Thanks for taking the time to visit my site Emily, and thanks especially for indulging this poor piece of writing. I’ll respond soon.
Emily, I should clarify some of my interests here, which I admittedly shot past in a hurry. My worry is not with cyclical storylines themselves - they are beautiful, reflect our bodies and our world - but with their marriage to technological determinism. It’s probably a safer bet to explain the nuclear-sci-fi genre in terms of the long history you describe, and people are just picking whatever form of current destruction they can find. My risky and perhaps unfounded suspicion is that renewed interest in the old stories to which you allude came at just the wrong time in America, considering its rise to nuclear dominance. The Nuclear Age saw plenty of concentrated efforts by the U.S. government to naturalize the bomb, but once we started including the threat of nuclear destruction in our Hollywood plots, the government hardly needed to do this propaganda anymore.
I don’t find anything inherently better about either the cyclical or linear storyline, but where stories play the role of moral education, I take notice of the relation between structure and content. I don’t want to see a cyclical storyline about genocide, especially as a genre. I want to see linear storylines about such evil things.

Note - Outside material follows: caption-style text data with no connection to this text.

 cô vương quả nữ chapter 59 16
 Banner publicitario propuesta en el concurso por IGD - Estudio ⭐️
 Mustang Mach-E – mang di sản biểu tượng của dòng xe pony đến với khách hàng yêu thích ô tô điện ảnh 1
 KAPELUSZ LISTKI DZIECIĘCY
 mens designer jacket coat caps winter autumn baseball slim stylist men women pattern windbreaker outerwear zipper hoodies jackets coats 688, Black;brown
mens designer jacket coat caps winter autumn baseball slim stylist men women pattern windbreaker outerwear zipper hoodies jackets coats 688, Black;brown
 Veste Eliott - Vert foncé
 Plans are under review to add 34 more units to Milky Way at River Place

The countercultural legacy I’m frustrated with is the one where the re-invention of the self and freedom from constraints ends up reifying the modern Enlightenment subject. There are plenty of people who followed that party off into much less autocratic ends, embracing anti-ego philosophies and religions. But to my eyes the dominant story of America at that time, the one told and re-told through cinema, music, documentary, is one in which one should free the mind not toward a humbler state, but toward an exhilaration that requires repetition through consumption. The “hippie” to my eyes is a mythological figure, a symbol of self-liberation, that is so decontextualized as to be portable as an instrument of creating consumptive desire. (Thomas Frank’s The Conquest of Cool tells some great stories about the ‘invention’ of popular counterculture by advertising executives.)

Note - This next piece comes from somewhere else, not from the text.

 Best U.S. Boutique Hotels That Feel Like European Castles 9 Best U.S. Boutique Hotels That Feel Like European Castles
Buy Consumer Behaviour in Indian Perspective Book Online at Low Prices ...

Another example of this would be to look at the application of Campbell’s work in popular cinema. I can’t judge Campbell, I only ever read the Power of Myth, but it’s amazing to me how a desire to tell universal stories so easily ends up all about juvenile male fantasy in the Star Wars series.
I may hit you up later with some questions about non-Western religious narratives, especially cyclical ones. As I move forward with some work on the nuclear narrative, I may be looking for some more counter-examples to the stories that get told.
Octavia Butler and Ursula LeGuin would both be worth reading. I will have to read thru all these posts again (great stuff), and maybe again, to have anything else to contribute. I snagged on the universal idea — I think that Butler and LeGuin were/are particularly aware of the usual hegemony of the white,western,well-heeled male as rep of the universal, and the resulting narrowness (but unfortunately sometime lack of particularity) of that universal.